Diretora do Secretariado Nacional dos Bens Culturais apresentou trabalho feito com as comunidades, em congresso promovido pelo Vaticano

Lisboa, 06 dez 2018 (Ecclesia) – A Diretora do Secretariado Nacional dos Bens Culturais da Igreja (SNBCI) disse hoje à Agência ECCLESIA que é necessária “sensibilidade” para evitar “más utilizações” de antigos espaços de culto, que nunca perdem a sua “fisionomia”.

Sandra Costa Saldanha apresentou como prioridade “manter essa memória, procurar, de alguma forma, preservá-la”.

A responsável participou, na última semana, num congresso internacional promovido pelo Vaticano, para debater o destino a dar a igrejas que deixam de estar afetas ao culto das comunidades católicas.

“Um edifício religioso, uma igreja, tem sempre uma configuração de igreja, de templo. Essa é uma preocupação que os novos usos têm de ter em consideração, olhar para a fisionomia do edifício, aquilo que está na sua génese”, assinala a diretora do SNBCI.

“Há sempre essa herança espacial, que é a de um lugar de culto, com a marcação muito definida do que eram capelas, o altar”.

Para Sandra Costa Saldanha, é necessário que exista sempre uma “articulação com a comunidade”, quando há necessidade de dar um novo uso a uma Igreja, olhando tanto para o edifício como para o património integrado e os seus bens móveis.

“As comunidades têm de estar sempre presentes nestes processos”, como parte integrante das decisões, acrescenta.

Os promotores do congresso internacional destacaram que a diminuição das comunidades cristãs, o abandono da prática religiosa e a escassez do clero têm levado ao encerramento e mesmo abandono de igrejas e outros locais de culto.

Nos trabalhos foram evocados casos de venda de igrejas e subsequentes transformações em casas, lojas ou spas.

Sandra Costa Saldanha assinalou que o tema foi debatido de forma “muito objetiva, muito subsequente, sobretudo muito frontal”, numa perspetiva “moderna”

Para a responsável, este foi um encontro “relevante”, pela oportunidade e pelo tema, “que desperta muito a atenção” de todos.

“Há muito tempo que não se fazia uma reunião que conjugasse várias conferências episcopais em volta do tema dos Bens Culturais da Igreja”, observa.

O congresso contou com a participação de 250 pessoas e relatores de 36 países, com delegações de 23 conferências episcopais da Europa, América do Norte e Austrália, numa “diversidade imensa” de experiências.

A diretora do SNBCI realça que esta é uma questão que tem crescido nas últimas décadas e terá uma “escala mundial, num futuro muito próximo”.

No final dos trabalhos, foi lido e aprovado um documento com orientações e recomendações nos casos em que uma igreja deixe de empregar-se para o culto, que serão publicadas posteriormente pelo Conselho Pontifício da Cultura.

A responsável portuguesa espera que o documento venha a ser “muito importante”, indo ao encontro das preocupações que os participantes manifestaram.

O programa incluiu uma intervenção da diretora do SNBCI, sobre a experiência portuguesa na “formação e compromisso com a comunidade”.

“Uma das questões diferenciadoras, em Portugal, relativamente ao que acontece na atuação noutros países, é o envolvimento muito significativo das comunidades”, um trabalho que “tem dado frutos muito significativos”, explicou Sandra Costa Saldanha.
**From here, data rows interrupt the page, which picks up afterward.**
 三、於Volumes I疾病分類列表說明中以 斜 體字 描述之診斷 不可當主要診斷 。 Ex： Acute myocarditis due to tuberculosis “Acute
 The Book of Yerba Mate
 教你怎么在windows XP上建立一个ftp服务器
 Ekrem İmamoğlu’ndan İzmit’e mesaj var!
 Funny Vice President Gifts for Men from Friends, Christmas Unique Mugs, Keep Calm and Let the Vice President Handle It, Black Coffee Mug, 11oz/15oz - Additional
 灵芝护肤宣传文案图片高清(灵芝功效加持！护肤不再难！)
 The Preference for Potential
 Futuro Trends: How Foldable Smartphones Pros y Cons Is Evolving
Para alargar o debate, os organizadores lançaram um concurso fotográfico, nas redes sociais, com o marcador ‘#nolongerchurches’, que convidava os participantes a documentar “mais do que os casos de abandono, os da reutilização virtuosa” de antigas igrejas.

Uma das fotos vencedoras ilustra o Museu Arqueológico do Carmo, em Lisboa; a igreja remonta ao ano de 1389, estando ligada ao condestável do Reino, São Nuno Álvares Pereira.